- _SOURCE DATA_:
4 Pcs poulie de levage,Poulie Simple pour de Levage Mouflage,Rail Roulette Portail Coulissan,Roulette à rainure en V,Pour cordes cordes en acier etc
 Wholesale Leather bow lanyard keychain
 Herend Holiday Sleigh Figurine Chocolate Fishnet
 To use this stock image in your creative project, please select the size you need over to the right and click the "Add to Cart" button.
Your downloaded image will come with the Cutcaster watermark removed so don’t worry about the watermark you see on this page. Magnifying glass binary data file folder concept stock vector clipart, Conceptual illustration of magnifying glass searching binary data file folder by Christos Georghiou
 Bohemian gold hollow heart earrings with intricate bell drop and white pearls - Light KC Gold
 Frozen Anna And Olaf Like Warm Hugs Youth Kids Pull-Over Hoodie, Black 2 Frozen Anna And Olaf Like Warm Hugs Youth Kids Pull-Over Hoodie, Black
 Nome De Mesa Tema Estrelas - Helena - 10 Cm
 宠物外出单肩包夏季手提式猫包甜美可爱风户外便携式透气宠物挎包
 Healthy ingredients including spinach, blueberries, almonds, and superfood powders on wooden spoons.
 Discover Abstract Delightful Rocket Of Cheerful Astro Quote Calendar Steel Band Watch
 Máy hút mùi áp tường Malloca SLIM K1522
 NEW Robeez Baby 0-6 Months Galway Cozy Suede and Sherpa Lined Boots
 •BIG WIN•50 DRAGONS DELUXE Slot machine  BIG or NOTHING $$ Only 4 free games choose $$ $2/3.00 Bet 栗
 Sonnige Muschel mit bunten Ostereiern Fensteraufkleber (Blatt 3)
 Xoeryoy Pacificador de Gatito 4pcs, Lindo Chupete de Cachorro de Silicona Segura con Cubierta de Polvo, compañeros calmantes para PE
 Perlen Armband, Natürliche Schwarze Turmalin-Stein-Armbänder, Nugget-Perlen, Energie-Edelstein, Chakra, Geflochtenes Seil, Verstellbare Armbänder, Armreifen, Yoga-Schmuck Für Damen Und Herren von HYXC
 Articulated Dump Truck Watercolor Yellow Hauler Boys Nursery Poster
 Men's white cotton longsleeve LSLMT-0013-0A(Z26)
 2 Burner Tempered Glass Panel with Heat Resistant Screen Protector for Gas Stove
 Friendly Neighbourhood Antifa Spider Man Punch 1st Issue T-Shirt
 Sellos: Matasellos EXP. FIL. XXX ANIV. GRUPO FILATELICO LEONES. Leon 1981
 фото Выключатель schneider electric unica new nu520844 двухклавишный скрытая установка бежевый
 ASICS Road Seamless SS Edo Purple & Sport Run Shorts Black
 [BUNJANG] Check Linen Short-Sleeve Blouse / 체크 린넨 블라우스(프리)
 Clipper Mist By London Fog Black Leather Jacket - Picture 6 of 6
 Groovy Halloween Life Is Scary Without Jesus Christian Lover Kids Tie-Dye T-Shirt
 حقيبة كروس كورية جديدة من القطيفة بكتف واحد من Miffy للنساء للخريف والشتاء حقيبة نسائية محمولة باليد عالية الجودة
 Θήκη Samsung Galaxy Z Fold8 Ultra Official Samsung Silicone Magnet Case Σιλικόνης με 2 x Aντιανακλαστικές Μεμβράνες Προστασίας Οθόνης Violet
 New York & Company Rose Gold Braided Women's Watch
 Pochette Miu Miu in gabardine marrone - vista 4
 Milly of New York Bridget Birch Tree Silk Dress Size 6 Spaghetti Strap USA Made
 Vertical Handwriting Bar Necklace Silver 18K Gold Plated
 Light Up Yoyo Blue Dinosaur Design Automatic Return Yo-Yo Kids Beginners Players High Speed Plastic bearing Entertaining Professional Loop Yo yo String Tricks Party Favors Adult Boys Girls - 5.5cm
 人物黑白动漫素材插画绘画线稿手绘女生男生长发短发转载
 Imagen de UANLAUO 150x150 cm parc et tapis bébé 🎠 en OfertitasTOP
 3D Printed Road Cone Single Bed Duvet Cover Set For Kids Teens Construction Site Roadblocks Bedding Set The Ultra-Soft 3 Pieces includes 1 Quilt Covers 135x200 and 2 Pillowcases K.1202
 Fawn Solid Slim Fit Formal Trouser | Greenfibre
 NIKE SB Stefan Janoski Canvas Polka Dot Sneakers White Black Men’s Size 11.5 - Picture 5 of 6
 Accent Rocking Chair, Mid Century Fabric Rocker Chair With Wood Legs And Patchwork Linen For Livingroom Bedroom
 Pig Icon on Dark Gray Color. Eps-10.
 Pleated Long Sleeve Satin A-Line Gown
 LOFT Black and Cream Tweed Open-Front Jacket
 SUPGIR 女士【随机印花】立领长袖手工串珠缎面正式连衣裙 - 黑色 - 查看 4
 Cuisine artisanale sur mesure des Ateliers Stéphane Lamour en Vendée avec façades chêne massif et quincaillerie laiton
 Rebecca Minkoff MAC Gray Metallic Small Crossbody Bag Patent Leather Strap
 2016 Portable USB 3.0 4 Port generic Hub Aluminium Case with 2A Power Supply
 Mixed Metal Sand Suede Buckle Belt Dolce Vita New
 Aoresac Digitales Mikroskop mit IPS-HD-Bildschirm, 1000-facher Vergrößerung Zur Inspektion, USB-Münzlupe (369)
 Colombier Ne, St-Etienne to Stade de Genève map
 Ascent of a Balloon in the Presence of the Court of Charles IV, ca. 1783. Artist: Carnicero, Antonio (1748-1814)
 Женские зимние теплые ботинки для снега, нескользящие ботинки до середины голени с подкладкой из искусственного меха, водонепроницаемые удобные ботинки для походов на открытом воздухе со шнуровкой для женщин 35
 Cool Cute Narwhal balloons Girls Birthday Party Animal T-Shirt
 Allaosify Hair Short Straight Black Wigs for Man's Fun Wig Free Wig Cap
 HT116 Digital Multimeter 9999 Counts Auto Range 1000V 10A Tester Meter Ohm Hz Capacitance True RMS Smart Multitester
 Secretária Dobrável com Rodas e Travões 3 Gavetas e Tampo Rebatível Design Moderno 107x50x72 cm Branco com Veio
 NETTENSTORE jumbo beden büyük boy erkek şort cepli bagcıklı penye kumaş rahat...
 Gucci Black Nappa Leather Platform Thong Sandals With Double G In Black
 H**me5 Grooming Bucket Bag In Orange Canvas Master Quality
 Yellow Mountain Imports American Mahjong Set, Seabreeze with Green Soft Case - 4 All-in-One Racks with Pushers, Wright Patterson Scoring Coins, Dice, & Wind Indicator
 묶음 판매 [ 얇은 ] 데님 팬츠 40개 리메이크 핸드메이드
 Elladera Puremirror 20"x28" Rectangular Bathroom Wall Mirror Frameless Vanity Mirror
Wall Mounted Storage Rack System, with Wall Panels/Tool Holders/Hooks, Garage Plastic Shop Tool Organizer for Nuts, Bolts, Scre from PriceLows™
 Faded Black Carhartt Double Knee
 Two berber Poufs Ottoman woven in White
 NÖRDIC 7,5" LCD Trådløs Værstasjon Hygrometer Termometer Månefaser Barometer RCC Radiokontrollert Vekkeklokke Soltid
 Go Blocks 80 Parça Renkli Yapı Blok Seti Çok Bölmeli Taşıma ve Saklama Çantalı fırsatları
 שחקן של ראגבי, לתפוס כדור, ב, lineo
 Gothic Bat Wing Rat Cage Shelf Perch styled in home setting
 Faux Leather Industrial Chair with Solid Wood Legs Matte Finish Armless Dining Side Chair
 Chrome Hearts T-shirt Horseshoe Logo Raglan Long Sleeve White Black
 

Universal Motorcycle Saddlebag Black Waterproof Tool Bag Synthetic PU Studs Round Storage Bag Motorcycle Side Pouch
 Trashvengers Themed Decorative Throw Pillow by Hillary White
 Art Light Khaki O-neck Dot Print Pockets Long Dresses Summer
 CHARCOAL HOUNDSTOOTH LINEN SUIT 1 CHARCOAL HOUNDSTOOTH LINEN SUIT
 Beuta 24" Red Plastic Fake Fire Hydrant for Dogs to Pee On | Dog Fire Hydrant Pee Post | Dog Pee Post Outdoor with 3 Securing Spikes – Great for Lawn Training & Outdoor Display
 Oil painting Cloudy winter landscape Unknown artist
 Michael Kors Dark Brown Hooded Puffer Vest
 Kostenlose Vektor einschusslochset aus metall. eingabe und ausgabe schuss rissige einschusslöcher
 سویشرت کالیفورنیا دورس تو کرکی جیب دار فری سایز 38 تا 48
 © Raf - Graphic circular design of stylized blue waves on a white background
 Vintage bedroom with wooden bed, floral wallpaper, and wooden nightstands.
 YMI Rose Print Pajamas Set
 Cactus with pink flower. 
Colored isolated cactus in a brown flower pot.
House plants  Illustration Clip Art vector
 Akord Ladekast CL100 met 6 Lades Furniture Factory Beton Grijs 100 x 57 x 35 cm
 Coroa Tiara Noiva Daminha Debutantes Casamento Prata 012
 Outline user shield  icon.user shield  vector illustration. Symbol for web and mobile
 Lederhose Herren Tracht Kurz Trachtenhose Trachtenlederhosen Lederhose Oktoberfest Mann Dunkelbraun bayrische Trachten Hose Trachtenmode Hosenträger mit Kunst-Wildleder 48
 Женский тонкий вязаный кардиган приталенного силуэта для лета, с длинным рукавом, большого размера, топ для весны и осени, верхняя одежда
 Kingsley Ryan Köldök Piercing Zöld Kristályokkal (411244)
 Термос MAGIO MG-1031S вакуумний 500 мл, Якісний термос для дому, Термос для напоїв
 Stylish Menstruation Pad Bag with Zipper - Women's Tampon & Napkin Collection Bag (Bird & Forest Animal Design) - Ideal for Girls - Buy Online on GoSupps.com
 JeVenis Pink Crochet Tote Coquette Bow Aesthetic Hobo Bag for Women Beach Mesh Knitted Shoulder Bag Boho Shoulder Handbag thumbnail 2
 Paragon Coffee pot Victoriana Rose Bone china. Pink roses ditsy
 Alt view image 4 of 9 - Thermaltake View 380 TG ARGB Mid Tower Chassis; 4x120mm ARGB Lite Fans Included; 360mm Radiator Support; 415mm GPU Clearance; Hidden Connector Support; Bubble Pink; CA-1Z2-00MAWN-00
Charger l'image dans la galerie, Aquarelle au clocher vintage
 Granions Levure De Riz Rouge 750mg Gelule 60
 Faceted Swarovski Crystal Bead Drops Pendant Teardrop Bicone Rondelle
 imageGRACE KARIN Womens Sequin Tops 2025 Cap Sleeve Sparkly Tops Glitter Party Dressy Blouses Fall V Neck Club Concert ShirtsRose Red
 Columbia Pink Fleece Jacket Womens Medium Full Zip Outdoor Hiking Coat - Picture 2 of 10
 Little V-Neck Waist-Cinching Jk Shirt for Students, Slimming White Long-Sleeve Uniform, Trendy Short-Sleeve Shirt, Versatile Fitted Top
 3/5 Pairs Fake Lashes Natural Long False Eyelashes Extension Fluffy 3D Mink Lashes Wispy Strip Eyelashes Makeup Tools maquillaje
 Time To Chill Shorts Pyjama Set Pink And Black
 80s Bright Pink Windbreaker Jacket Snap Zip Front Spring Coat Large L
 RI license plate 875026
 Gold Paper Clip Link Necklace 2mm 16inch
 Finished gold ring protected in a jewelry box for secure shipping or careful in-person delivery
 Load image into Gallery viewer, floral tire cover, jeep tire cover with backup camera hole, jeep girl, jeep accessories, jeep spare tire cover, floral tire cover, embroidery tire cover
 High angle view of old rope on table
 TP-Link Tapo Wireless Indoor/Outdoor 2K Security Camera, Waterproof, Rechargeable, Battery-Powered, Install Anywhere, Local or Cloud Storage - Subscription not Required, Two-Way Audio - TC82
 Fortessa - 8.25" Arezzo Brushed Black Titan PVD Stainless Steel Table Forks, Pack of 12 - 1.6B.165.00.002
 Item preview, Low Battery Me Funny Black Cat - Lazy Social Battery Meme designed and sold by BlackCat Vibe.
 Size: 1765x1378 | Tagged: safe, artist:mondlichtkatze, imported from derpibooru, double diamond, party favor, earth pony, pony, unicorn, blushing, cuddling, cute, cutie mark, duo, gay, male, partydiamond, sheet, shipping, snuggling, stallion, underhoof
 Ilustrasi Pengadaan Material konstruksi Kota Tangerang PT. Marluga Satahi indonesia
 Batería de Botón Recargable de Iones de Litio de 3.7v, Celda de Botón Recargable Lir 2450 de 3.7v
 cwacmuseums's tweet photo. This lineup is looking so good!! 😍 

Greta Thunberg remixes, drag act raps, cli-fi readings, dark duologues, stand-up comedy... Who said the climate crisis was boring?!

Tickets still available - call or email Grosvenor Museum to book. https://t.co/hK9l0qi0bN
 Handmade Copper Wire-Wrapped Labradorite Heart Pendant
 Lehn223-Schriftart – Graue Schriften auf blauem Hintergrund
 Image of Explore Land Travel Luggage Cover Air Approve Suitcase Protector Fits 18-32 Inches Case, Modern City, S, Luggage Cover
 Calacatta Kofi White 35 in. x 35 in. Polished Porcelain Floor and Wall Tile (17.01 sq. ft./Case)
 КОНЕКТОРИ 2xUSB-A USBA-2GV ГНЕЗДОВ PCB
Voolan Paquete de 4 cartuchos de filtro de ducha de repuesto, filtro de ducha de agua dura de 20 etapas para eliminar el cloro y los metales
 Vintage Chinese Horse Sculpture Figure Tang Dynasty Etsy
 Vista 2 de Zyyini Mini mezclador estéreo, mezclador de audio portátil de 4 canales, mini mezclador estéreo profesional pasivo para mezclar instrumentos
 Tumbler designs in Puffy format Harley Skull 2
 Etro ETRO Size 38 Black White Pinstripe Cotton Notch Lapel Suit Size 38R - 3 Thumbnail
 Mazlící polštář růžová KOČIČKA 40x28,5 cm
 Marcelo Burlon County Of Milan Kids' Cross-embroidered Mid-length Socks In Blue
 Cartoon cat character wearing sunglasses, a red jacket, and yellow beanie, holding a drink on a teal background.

- _WHAT TO PRODUCE_: Please give an exact copy of the lines above, beginning with the line containing "Little V-Neck Waist-Cinching" and running through the line containing "Time To Chill", and of no other lines.

- _SOLUTION TO THIS EXERCISE_:
 Little V-Neck Waist-Cinching Jk Shirt for Students, Slimming White Long-Sleeve Uniform, Trendy Short-Sleeve Shirt, Versatile Fitted Top
 3/5 Pairs Fake Lashes Natural Long False Eyelashes Extension Fluffy 3D Mink Lashes Wispy Strip Eyelashes Makeup Tools maquillaje
 Time To Chill Shorts Pyjama Set Pink And Black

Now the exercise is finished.